EXERCISE DATA:
◆ ◆ ◆ ◆ ◆
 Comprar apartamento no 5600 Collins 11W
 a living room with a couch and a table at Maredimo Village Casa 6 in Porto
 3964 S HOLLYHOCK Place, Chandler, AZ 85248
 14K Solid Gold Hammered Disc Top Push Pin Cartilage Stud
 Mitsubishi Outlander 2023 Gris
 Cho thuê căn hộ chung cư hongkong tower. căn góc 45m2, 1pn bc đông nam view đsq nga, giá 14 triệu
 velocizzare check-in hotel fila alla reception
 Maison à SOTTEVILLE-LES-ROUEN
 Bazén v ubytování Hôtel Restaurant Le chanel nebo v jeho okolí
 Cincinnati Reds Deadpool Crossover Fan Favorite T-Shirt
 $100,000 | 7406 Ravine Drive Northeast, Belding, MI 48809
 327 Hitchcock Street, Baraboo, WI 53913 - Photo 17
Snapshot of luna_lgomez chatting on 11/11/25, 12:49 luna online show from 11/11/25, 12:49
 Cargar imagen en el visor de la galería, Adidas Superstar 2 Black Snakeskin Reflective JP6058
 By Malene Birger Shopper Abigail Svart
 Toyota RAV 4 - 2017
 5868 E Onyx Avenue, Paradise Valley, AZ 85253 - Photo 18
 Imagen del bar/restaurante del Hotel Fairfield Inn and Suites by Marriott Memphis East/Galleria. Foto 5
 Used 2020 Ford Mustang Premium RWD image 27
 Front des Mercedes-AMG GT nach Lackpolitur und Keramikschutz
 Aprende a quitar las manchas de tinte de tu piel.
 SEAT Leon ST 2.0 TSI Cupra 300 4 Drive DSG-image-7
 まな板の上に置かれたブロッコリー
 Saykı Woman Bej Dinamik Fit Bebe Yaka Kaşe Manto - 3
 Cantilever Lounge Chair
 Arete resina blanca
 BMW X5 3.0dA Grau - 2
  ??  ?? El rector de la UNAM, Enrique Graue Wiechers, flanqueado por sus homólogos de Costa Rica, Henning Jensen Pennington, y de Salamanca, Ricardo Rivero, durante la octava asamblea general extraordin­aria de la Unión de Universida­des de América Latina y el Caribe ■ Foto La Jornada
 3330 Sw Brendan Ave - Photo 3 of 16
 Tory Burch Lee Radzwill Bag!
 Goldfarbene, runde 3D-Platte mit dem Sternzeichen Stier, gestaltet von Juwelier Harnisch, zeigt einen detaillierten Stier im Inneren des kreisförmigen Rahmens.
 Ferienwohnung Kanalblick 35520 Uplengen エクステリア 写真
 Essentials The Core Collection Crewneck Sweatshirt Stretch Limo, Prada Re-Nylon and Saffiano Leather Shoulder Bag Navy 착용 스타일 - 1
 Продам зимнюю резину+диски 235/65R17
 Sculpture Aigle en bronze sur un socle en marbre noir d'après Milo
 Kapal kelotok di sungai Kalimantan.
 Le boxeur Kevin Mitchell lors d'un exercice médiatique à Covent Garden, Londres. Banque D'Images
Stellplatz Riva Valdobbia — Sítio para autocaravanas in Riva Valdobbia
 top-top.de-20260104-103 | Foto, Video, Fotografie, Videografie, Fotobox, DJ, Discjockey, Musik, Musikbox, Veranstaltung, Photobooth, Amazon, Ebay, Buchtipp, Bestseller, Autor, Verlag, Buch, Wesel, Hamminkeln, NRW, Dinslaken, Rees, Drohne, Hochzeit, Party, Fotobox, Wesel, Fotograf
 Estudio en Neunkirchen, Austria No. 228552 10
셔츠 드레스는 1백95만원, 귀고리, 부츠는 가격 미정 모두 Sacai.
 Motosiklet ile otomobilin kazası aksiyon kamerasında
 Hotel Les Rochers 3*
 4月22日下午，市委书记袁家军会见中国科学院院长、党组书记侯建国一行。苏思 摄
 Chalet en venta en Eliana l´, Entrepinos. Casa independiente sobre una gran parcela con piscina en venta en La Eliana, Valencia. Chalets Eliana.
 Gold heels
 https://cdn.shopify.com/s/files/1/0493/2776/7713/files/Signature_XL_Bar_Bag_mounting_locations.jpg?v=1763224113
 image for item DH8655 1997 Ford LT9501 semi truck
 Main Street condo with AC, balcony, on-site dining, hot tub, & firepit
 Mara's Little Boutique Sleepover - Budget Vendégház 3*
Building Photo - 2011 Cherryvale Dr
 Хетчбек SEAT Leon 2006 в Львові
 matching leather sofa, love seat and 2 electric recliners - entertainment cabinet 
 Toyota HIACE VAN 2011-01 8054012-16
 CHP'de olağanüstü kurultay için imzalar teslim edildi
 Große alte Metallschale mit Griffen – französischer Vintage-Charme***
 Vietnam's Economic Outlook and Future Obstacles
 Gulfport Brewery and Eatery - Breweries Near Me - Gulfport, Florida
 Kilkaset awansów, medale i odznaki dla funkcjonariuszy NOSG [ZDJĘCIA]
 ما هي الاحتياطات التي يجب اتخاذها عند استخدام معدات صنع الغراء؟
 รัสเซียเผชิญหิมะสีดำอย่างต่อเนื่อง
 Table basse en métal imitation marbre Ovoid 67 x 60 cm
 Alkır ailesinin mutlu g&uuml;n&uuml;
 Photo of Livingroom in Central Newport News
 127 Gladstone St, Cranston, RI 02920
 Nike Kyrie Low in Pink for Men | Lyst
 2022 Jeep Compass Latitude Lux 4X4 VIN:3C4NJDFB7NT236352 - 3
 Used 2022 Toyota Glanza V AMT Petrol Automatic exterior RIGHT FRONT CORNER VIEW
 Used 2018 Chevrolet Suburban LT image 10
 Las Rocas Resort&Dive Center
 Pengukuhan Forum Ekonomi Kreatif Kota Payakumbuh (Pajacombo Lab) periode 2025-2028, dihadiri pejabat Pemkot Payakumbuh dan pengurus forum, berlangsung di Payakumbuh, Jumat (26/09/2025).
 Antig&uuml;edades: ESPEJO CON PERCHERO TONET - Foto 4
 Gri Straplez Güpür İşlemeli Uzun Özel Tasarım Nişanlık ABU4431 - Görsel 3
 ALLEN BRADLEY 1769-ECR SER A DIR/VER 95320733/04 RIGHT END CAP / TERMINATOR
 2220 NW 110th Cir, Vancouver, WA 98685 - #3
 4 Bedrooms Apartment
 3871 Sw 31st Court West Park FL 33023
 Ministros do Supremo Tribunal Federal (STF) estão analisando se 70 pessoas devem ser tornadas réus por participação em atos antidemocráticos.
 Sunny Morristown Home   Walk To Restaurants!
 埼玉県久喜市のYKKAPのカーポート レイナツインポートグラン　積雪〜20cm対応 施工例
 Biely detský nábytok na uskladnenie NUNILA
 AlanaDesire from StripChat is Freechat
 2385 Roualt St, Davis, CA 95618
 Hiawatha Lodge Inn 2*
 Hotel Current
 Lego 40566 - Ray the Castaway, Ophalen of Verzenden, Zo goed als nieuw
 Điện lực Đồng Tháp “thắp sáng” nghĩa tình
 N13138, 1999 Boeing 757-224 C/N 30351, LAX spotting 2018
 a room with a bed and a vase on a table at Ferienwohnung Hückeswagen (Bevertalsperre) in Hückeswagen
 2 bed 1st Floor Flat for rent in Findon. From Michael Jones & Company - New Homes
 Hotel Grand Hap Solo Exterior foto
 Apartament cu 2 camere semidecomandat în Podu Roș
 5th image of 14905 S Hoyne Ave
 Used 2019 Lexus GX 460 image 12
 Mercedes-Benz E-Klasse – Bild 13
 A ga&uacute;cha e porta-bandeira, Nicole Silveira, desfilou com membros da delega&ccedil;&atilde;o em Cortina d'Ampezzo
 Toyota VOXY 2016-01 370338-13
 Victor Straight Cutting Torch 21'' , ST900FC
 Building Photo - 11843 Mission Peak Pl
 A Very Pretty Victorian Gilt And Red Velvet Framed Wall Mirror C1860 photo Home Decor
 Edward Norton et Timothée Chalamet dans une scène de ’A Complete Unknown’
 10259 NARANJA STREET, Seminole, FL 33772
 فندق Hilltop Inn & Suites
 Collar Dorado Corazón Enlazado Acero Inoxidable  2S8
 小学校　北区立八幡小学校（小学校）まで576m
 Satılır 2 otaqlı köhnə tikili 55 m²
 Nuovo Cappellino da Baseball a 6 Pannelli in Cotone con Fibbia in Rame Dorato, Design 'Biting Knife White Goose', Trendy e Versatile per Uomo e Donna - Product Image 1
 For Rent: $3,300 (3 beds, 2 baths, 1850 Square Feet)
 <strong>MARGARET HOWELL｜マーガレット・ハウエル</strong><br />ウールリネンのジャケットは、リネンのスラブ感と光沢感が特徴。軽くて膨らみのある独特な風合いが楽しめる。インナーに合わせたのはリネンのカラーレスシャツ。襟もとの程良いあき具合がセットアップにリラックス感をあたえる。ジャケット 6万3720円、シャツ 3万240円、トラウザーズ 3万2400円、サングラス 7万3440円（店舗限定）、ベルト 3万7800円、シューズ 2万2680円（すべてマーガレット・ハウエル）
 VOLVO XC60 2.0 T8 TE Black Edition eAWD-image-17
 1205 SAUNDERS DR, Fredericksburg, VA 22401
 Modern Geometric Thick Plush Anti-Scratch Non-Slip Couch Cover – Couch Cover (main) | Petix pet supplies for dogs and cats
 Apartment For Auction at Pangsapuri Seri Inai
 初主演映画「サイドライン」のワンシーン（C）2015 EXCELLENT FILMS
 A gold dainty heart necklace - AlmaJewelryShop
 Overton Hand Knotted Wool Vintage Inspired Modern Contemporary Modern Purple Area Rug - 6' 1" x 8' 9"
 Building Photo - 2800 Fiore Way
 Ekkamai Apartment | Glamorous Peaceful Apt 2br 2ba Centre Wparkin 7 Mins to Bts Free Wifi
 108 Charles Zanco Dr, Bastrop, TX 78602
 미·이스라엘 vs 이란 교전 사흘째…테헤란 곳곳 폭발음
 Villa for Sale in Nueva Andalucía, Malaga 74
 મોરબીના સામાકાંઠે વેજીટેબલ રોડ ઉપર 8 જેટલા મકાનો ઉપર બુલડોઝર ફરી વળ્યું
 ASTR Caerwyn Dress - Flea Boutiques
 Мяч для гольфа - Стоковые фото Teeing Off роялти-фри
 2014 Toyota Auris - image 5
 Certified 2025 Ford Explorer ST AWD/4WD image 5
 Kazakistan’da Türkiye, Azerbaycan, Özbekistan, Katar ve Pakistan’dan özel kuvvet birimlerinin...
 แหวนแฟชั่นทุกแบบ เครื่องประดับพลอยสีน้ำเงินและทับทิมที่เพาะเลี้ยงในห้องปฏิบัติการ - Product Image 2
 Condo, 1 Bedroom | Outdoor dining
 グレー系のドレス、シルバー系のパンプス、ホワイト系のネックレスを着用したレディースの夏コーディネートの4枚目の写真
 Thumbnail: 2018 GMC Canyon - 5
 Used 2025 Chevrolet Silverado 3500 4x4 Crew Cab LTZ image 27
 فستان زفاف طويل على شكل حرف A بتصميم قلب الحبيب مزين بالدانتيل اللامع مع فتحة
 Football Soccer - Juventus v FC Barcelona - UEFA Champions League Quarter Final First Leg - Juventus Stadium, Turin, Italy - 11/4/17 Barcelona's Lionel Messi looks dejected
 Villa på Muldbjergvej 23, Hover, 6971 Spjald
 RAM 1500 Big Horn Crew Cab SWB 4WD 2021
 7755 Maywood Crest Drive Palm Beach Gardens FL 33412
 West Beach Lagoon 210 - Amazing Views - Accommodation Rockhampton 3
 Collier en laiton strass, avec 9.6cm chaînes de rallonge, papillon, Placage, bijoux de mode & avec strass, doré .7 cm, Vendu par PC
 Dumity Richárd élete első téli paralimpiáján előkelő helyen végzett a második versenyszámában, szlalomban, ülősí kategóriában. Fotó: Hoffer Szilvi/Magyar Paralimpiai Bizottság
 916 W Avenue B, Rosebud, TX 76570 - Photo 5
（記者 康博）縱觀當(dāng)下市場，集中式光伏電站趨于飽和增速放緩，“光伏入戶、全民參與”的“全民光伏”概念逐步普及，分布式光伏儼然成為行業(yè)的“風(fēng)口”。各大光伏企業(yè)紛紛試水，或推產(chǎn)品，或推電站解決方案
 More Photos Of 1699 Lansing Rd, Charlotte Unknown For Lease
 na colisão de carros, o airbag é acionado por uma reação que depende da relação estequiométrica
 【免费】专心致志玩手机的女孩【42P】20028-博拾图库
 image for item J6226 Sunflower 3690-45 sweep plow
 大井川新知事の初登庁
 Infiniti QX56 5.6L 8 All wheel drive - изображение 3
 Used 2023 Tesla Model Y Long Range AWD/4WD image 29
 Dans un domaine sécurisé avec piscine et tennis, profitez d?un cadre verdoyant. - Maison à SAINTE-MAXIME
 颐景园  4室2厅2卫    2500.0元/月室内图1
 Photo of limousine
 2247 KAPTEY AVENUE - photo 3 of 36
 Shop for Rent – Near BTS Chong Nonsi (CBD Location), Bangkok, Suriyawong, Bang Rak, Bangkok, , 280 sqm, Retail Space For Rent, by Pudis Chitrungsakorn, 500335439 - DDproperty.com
◆ ◆ ◆ ◆ ◆
WORK INSTRUCTIONS: Starting with the line that holds "Essentials The Core" and ending with the line that holds "Stellplatz Riva Valdobbia", retype every line in the data above exactly, and nothing else.

THE COMPLETED TASK:
 Essentials The Core Collection Crewneck Sweatshirt Stretch Limo, Prada Re-Nylon and Saffiano Leather Shoulder Bag Navy 착용 스타일 - 1
 Продам зимнюю резину+диски 235/65R17
 Sculpture Aigle en bronze sur un socle en marbre noir d'après Milo
 Kapal kelotok di sungai Kalimantan.
 Le boxeur Kevin Mitchell lors d'un exercice médiatique à Covent Garden, Londres. Banque D'Images
Stellplatz Riva Valdobbia — Sítio para autocaravanas in Riva Valdobbia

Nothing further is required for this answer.